A strong case can be made that a lot of this money was wasted on lavish corporate spending. For instance, two years ago, Uber told its office workers they’d no longer receive helium balloons on each anniversary of their joining the company as changing to stickers would save $200,000 a year!
In other words, the startup is top-heavy while undervaluing the efforts of its constituent revenue-generating members. Yet, it is unlikely that the disruption of the industry will cease. Customers generally do not want to go back to the unvetted and expensive taxis of old, as they much prefer the current state of affairs where a cheap and comfortable ride is a press of the button away.

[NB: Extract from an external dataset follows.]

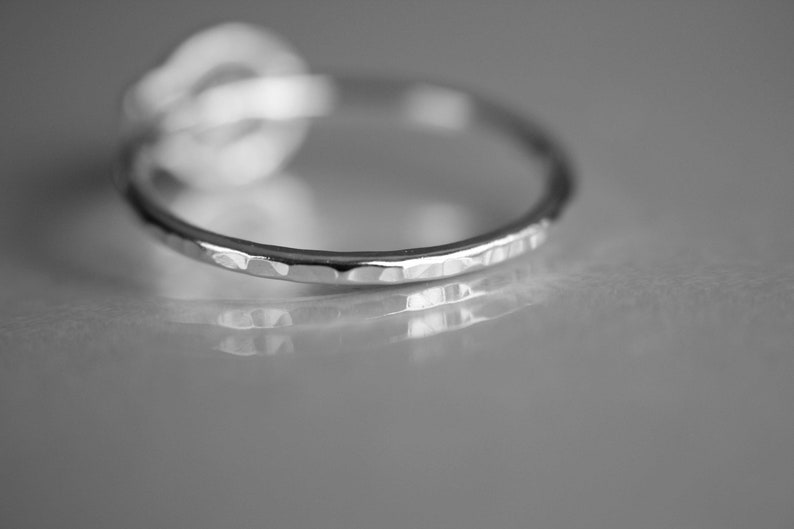 K&ouml;nnte beinhalten: Ein silberner Ring mit geh&auml;mmerter Textur. Der Ring liegt auf einer grauen Oberfl&auml;che.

Hence, even if Uber were to go under, its market share wouldn’t be retaken by the mafia-style taxi conglomerates of old. The proposed middle-ground solution is multiple competing services that are driver owned.
These could be run as DAOs, decentralized autonomous organizations, that operate on the blockchain and give their users control over governance policies. Through this, the voice of the drivers could be heard and logged without fear of backdoor manipulation. In other words, the central office of managers and decision-makers could be eliminated and profit channelled to the people that actually generate it.
Then, if there are competing DAOs, market forces would push prices downwards, until eventually we would reach an equilibrium wherein drivers get treated more humanely and customers still have access to cheap and easy transportation.
The future doesn’t lie with major corporations with unsustainable business models, but decentralized organizations run by normal everyday people that better the world through their collective action!